Behold, God is my salvation; I will trust, and not be afraid; for the Lord Jehovah is my strength and my song; he also has become my salvation. 2 Nephi 22:2


August 18, 2016

Coco

I remember when my family told me they got a dog. I was on a mission and thought they were joking. It took at least 3 weeks for me to believe that the dog wasn't a big prank. I was shocked!
We aren't dog people. I NEVER thought one would live in our house. I was unsure how I felt about it to be honest. I was a little bitter because I would miss the stage of having a cute tiny puppy. By the time I returned home from my mission Coco was still small but a full-grown dog. I didn't really like her.
She ate my stuff.
Pooped on the ground.
Barked at every person who entered the house.
I was just not sure how to handle it because I don't really like pets.

Fast forward now to this morning when I said my goodbyes to the animal that I once wasn't too fond of. I cried so hard!!! I'm still not a dog person but I am a Coco person. That cute thing has us all (me included) wrapped around her little paw. I love my dog like she is a person. (I'm one of those people now)
She makes me feel like a rock star every time I come home.
She knows when I'm sad and looks at me with big puppy eyes that say all the things I need to hear-All-star "ESA" (emotional support animal).
She is still naughty but teaches us patience and to keep our stuff off the floor.
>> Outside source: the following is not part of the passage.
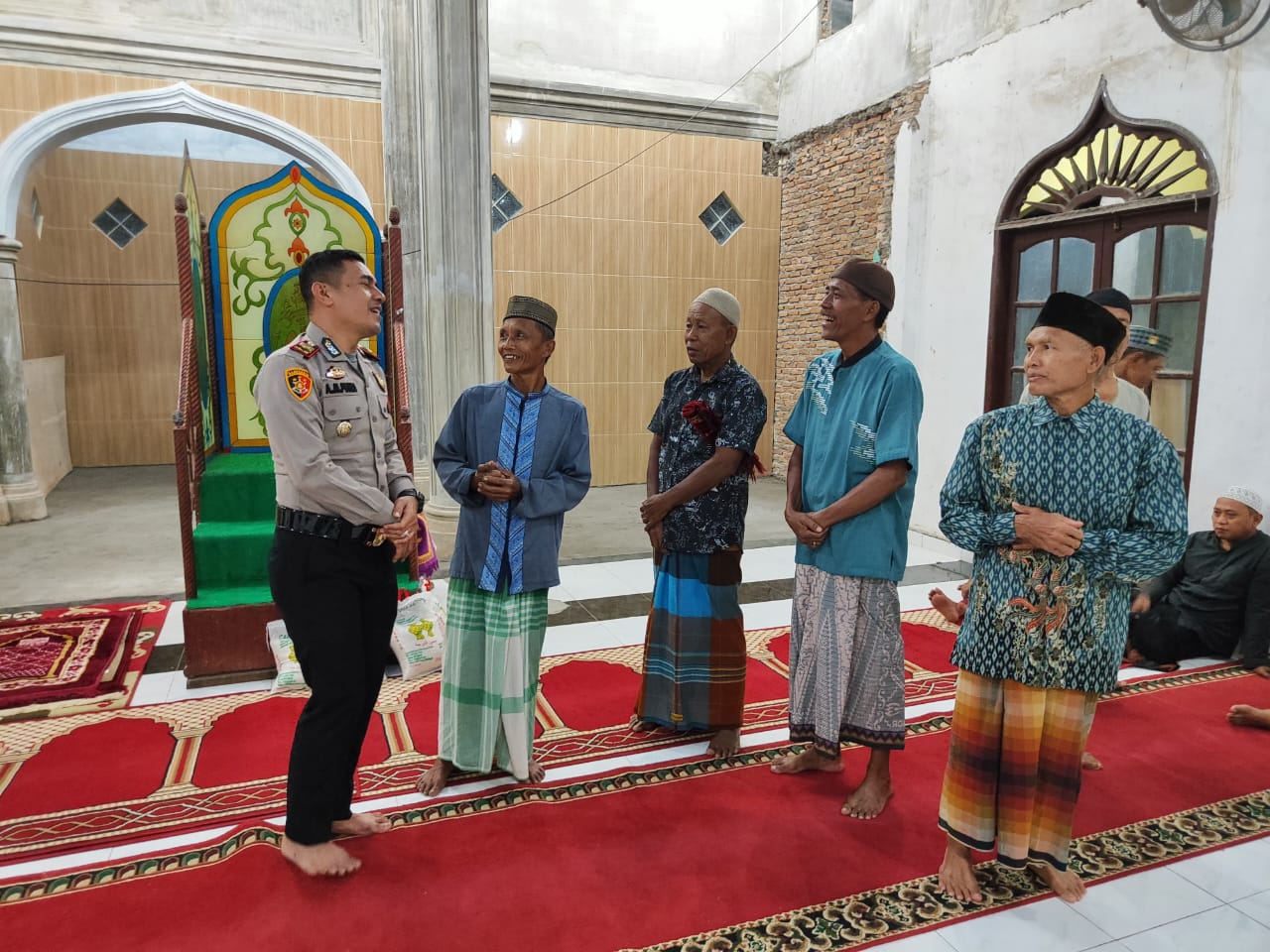 Pendekatan Kapolsek Kotarih, Shalat Subuh Berkah Pastikan Kamtibmas Kondusif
I miss her, craziness and all.

August 9, 2016

Finding Strength in Humility

A quick thought for my benefit.

I've spent the morning packing and calculating funds- tuition and rent and books and a ROC pass (it's more important than books) and my dream of studying abroad in London (which feels really unrealistic today). I was feeling rather pessimistic and took a Facebook break.
One of my best friends had posted an interview of her family friend.

http://www.momstrongutah.com/blog-1/2016/7/26/sadie

It was a small slap in the face to read the story of a women who has trials and financial burdens MUCH greater than mine. It was a humbling few minutes.
I don't believe in coincidences and this morning my scripture study was on pride and humility. I hope to one day be the kind of person that lives close enough to the spirit that the Lord doesn't need to compel me to be humble. However, in my imperfection I was really grateful for the nudge back onto the right track.

The words to the first verse of hymn #130
Be thou humble in thy weakness, and the Lord thy God shall lead thee,
Shall lead thee by the hand and give thee answer to thy prayers.
Be thou humble in thy pleading, and the Lord thy God shall bless thee,
Shall bless thee with a sweet and calm assurance that he cares.

It is comforting to know that He cares about my struggles great and small, that He will always be there not to take away the hard things but to give me the strength I need to keep moving forward.
I have REALLY good friends who inspire me to be better on the daily. Zack, Steph, Hunter and I have been studying the same topics this week and sharing insight in our group text message... yeah I know like I said REALLY good friends.
To quote Zack
"I loved Helaman 3:35 this morning. For a long time I never associated humility with strength, but it says they 'did wax stronger and stronger in their humility, and firmer and firmer in the faith of Christ.'...."

I just know that there is NO WAY I will make it through college (or life) on my strength alone. For I am weak but can find strength in humility.

I'm still SUPER stressed but it was a good reminder to stop-breath-keep breathing-and move forward.
Life is a roller-coaster and it would be extremely dull if we didn't go both up and down.